Okay, great. And then also kind of broadly, in conversations with CEOs in the C-suite broadly, what is sort of the sentiment that you are hearing from this group? Is the macro environment changing the narrative on M&A at all for them, given rates are down and spreads have tightened again. Is there any urgency to kind of maybe push more quickly with deals or is the outlook for maybe the falling rate environment actually leading to greater uncertainty and maybe slowing things down? So, just as you take their temperature, what are you sort of getting the sense of from them?
So, again, it’s hard for me to generalize, but I will tell you what we see which is I think that, that broad middle-market, that deal activity was kind of shooked I think by the October. November, December, decline in markets. So, it was shook on the buyers side I think was worried that they would be early January, February, March that they were buying into a false rebound. Obviously, December was a signal of a recession.
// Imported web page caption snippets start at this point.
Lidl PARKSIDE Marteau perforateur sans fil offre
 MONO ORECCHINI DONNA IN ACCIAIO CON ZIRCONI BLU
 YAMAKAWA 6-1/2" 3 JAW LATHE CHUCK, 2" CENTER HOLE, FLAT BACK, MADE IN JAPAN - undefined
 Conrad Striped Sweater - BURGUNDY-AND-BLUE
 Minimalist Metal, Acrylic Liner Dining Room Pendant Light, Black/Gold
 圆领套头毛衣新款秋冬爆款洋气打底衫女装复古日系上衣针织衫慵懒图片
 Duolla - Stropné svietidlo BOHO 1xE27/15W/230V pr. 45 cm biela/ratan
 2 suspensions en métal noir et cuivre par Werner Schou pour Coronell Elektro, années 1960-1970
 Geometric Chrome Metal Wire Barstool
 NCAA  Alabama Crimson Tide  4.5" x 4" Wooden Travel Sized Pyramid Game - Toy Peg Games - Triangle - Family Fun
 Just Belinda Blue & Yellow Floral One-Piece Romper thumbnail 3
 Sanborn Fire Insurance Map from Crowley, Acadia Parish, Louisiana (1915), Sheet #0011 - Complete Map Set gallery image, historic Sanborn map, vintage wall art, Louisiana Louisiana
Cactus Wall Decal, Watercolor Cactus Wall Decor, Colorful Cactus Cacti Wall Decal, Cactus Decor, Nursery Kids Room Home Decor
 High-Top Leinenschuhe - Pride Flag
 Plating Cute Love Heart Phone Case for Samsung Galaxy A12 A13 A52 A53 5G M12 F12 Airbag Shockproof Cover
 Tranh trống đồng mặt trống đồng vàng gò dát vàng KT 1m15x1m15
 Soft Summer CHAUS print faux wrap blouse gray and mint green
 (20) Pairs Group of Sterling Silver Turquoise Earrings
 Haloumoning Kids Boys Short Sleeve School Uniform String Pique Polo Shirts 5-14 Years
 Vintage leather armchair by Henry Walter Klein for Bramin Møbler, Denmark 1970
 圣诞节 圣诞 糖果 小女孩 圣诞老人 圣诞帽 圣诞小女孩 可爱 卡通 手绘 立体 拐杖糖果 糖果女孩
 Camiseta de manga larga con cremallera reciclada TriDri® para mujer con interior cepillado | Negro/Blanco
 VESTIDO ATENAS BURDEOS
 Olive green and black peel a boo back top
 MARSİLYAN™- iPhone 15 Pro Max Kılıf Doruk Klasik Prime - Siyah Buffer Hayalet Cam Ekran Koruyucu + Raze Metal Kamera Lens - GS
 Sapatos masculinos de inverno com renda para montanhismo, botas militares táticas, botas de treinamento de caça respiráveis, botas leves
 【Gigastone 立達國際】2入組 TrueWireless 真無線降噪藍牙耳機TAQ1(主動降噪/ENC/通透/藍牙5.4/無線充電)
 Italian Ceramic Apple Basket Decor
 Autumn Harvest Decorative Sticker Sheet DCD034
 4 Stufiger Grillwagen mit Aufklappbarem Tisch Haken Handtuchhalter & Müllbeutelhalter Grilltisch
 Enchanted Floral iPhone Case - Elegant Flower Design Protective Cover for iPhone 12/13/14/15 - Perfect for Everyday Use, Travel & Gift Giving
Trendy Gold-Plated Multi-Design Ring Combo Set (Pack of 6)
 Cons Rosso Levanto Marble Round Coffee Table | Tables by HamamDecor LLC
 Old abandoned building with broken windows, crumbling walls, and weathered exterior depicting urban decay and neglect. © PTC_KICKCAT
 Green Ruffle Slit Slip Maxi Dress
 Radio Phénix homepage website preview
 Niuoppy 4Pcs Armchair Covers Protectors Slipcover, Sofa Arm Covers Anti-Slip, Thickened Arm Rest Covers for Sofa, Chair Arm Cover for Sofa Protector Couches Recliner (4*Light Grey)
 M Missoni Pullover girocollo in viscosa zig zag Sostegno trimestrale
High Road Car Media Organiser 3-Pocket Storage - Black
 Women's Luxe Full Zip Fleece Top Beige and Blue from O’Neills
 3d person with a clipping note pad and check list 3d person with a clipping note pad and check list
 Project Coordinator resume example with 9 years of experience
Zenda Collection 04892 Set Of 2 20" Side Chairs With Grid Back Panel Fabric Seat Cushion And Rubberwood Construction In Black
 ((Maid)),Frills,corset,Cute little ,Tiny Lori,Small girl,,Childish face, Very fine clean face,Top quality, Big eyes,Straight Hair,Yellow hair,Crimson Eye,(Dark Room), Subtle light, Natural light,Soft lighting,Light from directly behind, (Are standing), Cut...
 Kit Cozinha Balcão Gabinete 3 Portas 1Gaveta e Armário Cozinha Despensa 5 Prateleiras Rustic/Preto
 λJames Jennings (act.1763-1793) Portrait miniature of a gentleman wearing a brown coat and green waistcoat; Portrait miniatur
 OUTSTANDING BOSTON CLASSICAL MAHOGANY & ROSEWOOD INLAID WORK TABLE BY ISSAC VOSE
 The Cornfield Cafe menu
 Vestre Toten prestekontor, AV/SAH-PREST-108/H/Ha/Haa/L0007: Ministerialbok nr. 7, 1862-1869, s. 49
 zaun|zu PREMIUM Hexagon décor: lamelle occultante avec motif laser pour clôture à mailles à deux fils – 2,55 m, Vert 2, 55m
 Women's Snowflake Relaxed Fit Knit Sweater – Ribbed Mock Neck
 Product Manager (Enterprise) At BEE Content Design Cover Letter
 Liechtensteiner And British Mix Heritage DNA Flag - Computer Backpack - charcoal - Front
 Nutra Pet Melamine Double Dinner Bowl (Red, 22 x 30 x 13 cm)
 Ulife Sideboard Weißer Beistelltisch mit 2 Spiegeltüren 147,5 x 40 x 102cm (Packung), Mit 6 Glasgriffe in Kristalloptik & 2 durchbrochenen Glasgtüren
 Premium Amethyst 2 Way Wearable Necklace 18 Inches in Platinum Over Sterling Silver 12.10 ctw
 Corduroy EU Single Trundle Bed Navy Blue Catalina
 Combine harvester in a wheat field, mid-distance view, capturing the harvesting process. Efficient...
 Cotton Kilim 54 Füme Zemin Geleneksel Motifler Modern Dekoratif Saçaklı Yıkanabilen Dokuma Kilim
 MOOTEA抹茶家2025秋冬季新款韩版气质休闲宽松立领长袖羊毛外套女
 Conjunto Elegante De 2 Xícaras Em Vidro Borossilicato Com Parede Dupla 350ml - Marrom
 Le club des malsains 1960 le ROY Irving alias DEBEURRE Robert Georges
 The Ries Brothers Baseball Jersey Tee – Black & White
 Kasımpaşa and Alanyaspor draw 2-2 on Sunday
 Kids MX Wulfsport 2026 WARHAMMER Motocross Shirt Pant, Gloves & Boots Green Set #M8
I think people were, hey, I am going to wait a while to see if this is real. And in the middle-market in that area where it’s kind of cash buyers both ways, I think there is a sensitivity to price, a very big sensitivity to price and by the way the buyer and the sellers don’t want to wait into an uncertain market either. So, the volatility of October, November, December, I think you had a bunch of sellers go look, I don’t want to put my company out there and talk about it into a very uncertain market. In the larger companies, I think people are trying to execute on strategic imperatives and price is less of an issue. And it’s still very active Ken. I would say to you that almost all companies are in active dialogues at the larger scale on strategic imperatives, maybe slowed down a little by market volatility on the margin, but not as a whole. And I do think by the way when the Fed reversed its statements I guess that was in December and the stock market has now rallied and held its position, I do think you are seeing people slowly come back to say, well, this is the market. This is where it is. This is where we are going to transact and I do think that was leading to some come back in the general activity.
Great. Thank you so much.
The next question will be from Devin Ryan of JMP Securities. Please go ahead.
Hey, great. Good afternoon, guys.
Hey, Devin.
So I guess first question here just in terms of the reacceleration and activity that you guys are seeing. I am just curious if it’s anywhere specific or if it’s just kind of broad-based if things are kind of coming back online? And just based on the cadence of revenues expected on the year at least for the comments about maybe it will slower first half relative to the second half, I am just curious how you think about kind of the 2018 revenue level obviously was a great year. Does that set high bar or could the back half just based on what you are seeing now get you back to something in that [indiscernible]?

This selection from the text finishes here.